## Data
The data can be downloaded from an anonymized [gdrive](https://drive.google.com/file/d/10ILD5pB1vuP7kW-Tvnc0Xm-uddpZJO-s/view?usp=sharing). 
The graphs stem from the [SNAP](https://snap.stanford.edu/data/) repository. The format of graphs is a weighted edgelist (with weighted cascade weights) in .inf and are accompanied by an attribute file such that one can easily utilize the open code for [IMM](https://github.com/snowgy/Influence_Maximization/wiki/Home/) to reproduce the benchmark along with the results.
Unzip the data.zip in a "data" folder in the current folder.


## Requirements
To run this code you will need the following in python3.5.2:
* [pytorch 1.5.1](https://pytorch.org/)
* [networkx 1.11](https://networkx.github.io/) 
* [sklearn](https://scikit-learn.org/stable/) 
* [numpy](https://www.numpy.org/)
* [pandas](https://pandas.pydata.org/)
* [scipy](https://www.scipy.org/)


## Code
The following scripts use the default parameters mentioned in the paper.

1.Influence estimation using the stored model 
```bash
python influence_predictions.py
```

2.Influence maximization (20 and 100 seeds) using the stored model with Celf-glie and evaluation of the seeds.

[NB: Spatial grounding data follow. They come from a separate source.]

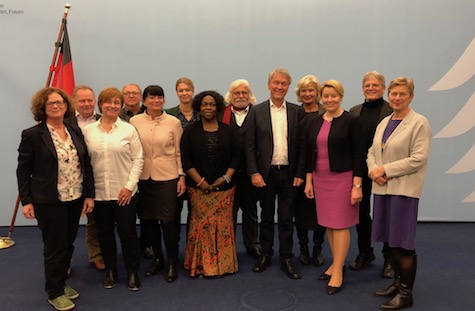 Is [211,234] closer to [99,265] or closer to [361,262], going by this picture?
[99,265]

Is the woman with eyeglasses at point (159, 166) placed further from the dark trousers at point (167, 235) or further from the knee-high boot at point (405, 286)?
the knee-high boot at point (405, 286)

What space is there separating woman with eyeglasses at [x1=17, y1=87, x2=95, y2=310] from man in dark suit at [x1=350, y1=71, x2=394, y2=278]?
2047 millimetres

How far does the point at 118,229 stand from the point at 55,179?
0.64 meters

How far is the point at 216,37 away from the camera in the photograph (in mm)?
4270

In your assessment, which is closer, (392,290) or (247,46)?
(392,290)

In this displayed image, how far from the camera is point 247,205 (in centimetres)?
339

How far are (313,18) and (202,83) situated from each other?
4.93 ft

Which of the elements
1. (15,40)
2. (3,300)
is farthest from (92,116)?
(15,40)

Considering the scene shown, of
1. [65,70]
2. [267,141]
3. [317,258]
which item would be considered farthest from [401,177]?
[65,70]

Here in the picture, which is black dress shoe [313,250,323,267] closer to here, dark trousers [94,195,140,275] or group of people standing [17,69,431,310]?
group of people standing [17,69,431,310]

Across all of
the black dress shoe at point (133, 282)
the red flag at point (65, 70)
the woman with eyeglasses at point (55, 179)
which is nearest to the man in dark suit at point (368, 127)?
the black dress shoe at point (133, 282)

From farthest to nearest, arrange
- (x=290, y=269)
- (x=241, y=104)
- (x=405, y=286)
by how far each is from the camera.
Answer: (x=241, y=104), (x=290, y=269), (x=405, y=286)

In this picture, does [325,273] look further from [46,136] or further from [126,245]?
[46,136]

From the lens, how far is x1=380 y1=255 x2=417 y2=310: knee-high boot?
7.88 feet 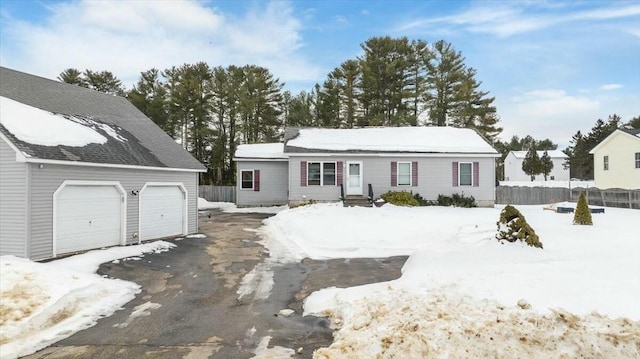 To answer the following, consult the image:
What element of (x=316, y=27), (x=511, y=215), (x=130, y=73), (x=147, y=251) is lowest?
(x=147, y=251)

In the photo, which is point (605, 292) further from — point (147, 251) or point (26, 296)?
point (147, 251)

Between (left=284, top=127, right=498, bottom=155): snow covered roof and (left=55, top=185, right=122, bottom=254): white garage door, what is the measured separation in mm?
10769

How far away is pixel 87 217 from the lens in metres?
10.8

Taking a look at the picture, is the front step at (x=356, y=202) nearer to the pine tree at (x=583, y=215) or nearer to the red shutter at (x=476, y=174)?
the red shutter at (x=476, y=174)

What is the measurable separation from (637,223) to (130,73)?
44.7 metres

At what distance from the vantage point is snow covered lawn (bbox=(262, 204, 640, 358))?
4.20 meters

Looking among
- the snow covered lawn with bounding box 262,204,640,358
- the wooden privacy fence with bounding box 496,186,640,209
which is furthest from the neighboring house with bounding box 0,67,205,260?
the wooden privacy fence with bounding box 496,186,640,209

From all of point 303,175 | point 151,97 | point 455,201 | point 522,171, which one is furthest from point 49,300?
Answer: point 522,171

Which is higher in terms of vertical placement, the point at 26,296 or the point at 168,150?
the point at 168,150

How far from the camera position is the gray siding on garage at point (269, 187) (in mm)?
25641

Note that evaluation can take more then 3 hours for the large datasets.

```bash
python celf_glie.py
```

3.Influence maximization using the stored GNN model and the stored Grim model.

```bash
python grim.py

```

4.Influence maximization using the stored GNN model and the Pun model.

```bash
python pun.py
```


5.Train GNN on the negative samples, using the provided "influence_train_set.csv" constructed as discribed in section 4.1 of the paper.

```bash
python glie_train.py
```

6.Train Grim on the 50 graphs in "dql_graphs" as described in section 4.2 of the paper.

```bash
python train_dqn.py
```

7.The scripts in the preprocessing folder are required to create the "influence_train_set.csv".